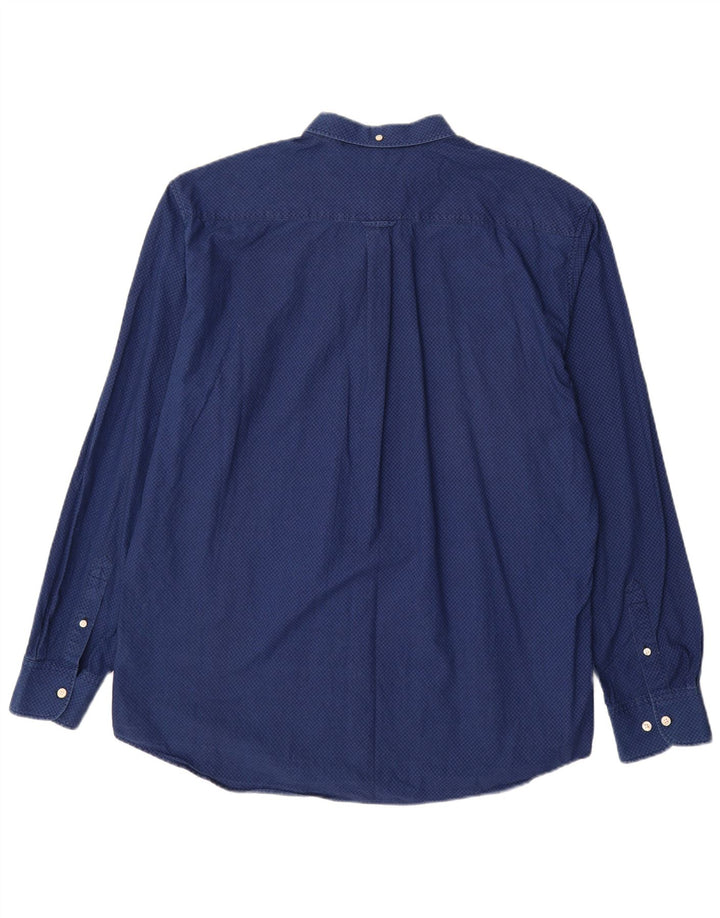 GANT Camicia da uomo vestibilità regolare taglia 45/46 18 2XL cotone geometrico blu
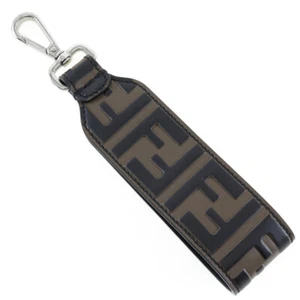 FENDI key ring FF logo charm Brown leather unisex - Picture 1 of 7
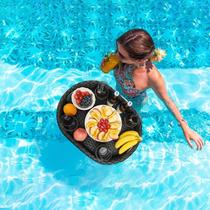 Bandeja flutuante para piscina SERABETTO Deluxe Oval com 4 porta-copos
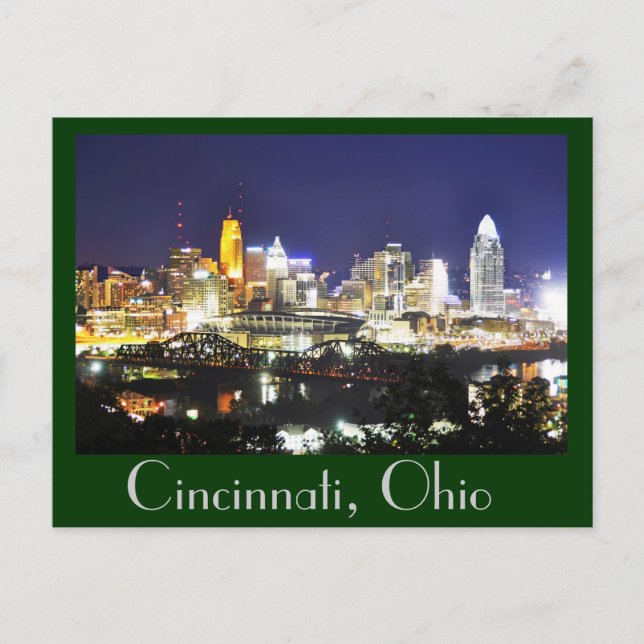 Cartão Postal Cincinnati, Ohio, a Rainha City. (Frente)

************

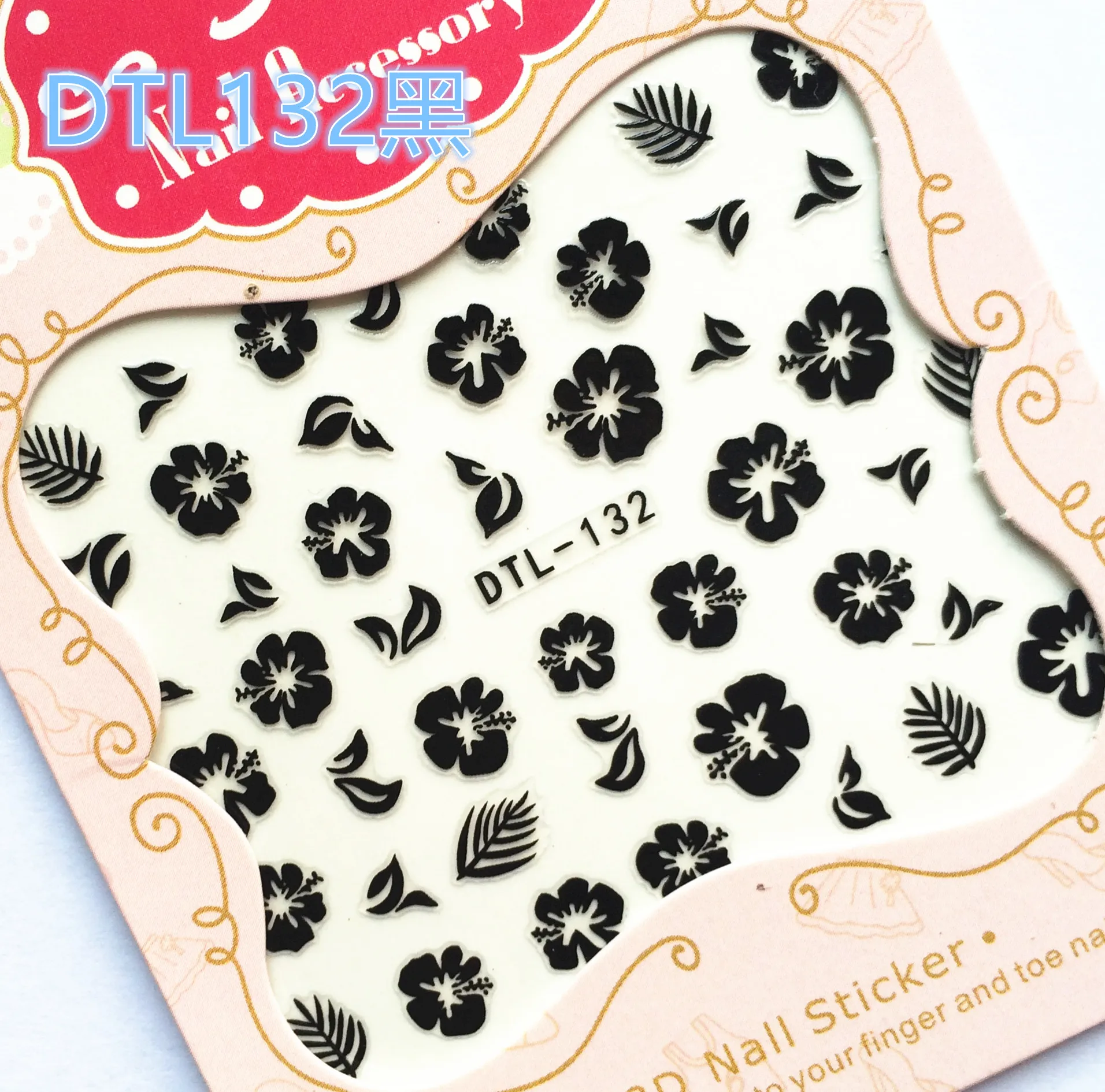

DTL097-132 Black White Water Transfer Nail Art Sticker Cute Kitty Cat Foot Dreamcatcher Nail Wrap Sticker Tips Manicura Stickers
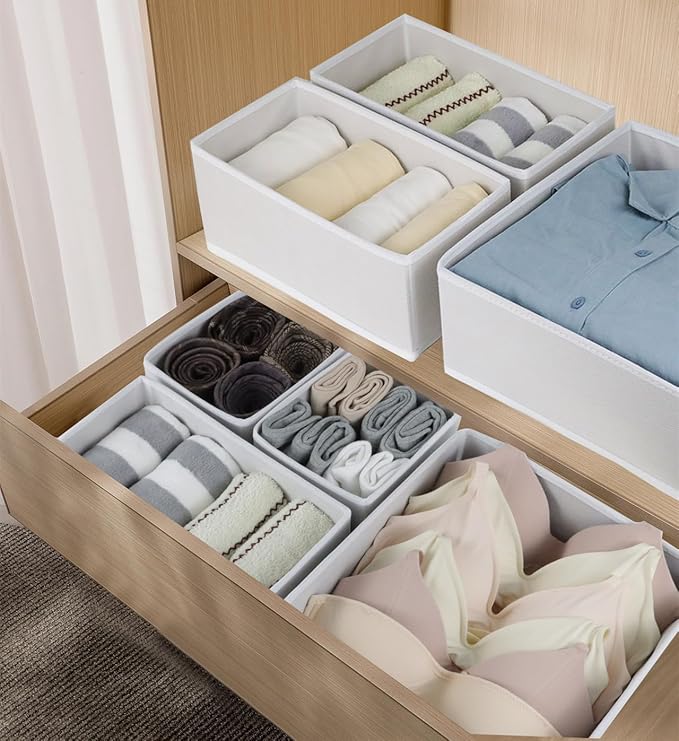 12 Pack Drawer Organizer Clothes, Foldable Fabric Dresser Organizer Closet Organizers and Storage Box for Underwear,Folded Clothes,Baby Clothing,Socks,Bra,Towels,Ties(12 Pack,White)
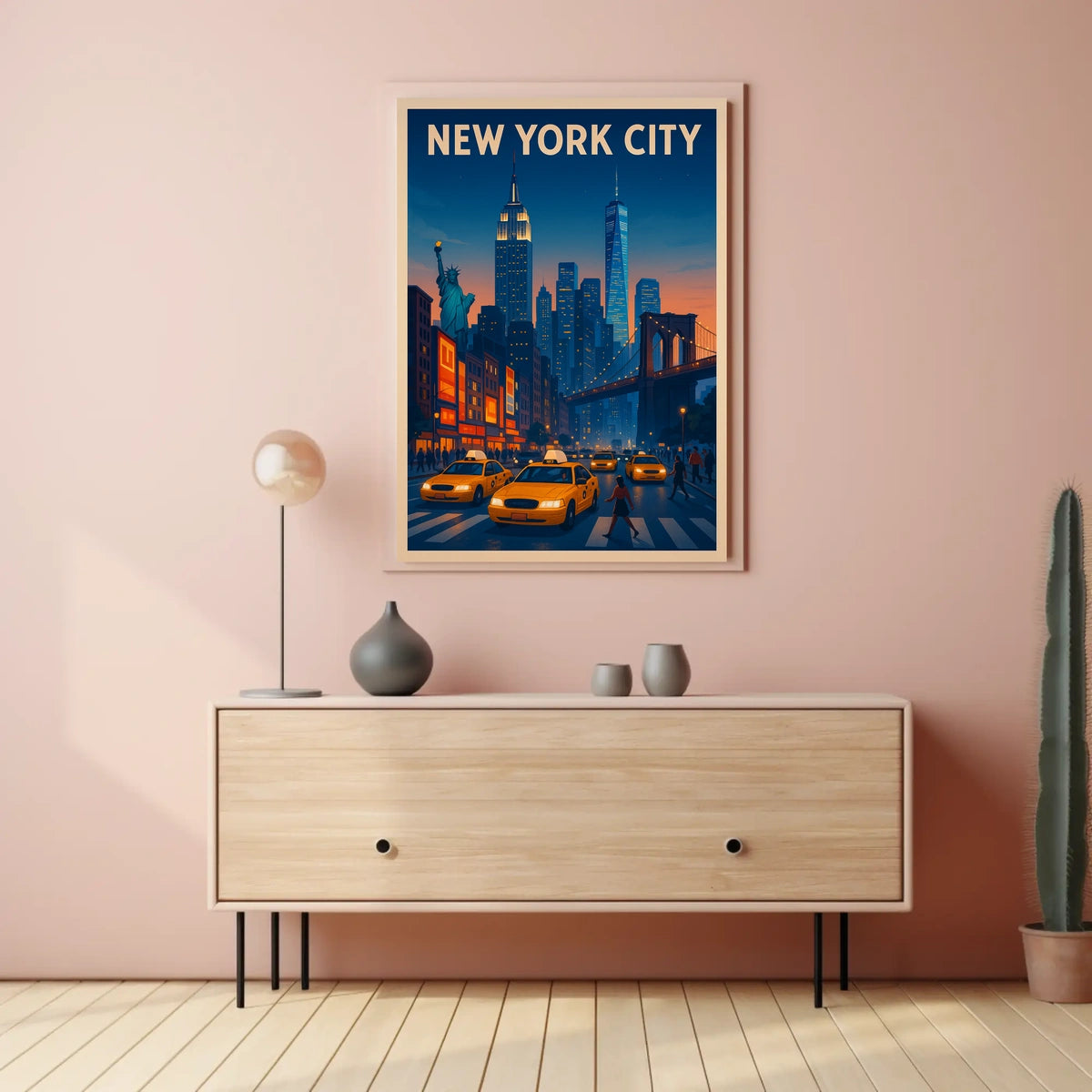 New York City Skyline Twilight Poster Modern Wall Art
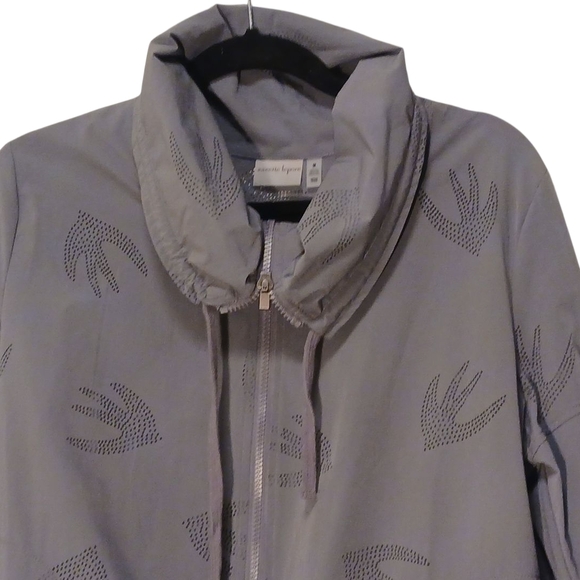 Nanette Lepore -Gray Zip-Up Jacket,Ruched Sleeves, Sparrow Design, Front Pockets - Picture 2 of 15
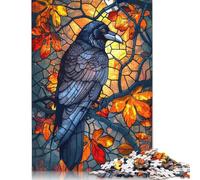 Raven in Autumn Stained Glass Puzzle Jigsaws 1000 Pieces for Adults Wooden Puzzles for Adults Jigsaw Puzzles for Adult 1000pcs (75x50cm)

************

◆ HOW TO COMPLETE THIS TASK: Leaving all pictures out, output exactly the lines of the material above from the line with "GANT Camicia da" to the line with "Cartão Postal Cincinnati, Ohio, a", both included.

◆ WRITTEN RESPONSE:
 GANT Camicia da uomo vestibilità regolare taglia 45/46 18 2XL cotone geometrico blu
 FENDI key ring FF logo charm Brown leather unisex - Picture 1 of 7
 Bandeja flutuante para piscina SERABETTO Deluxe Oval com 4 porta-copos
 Cartão Postal Cincinnati, Ohio, a Rainha City. (Frente)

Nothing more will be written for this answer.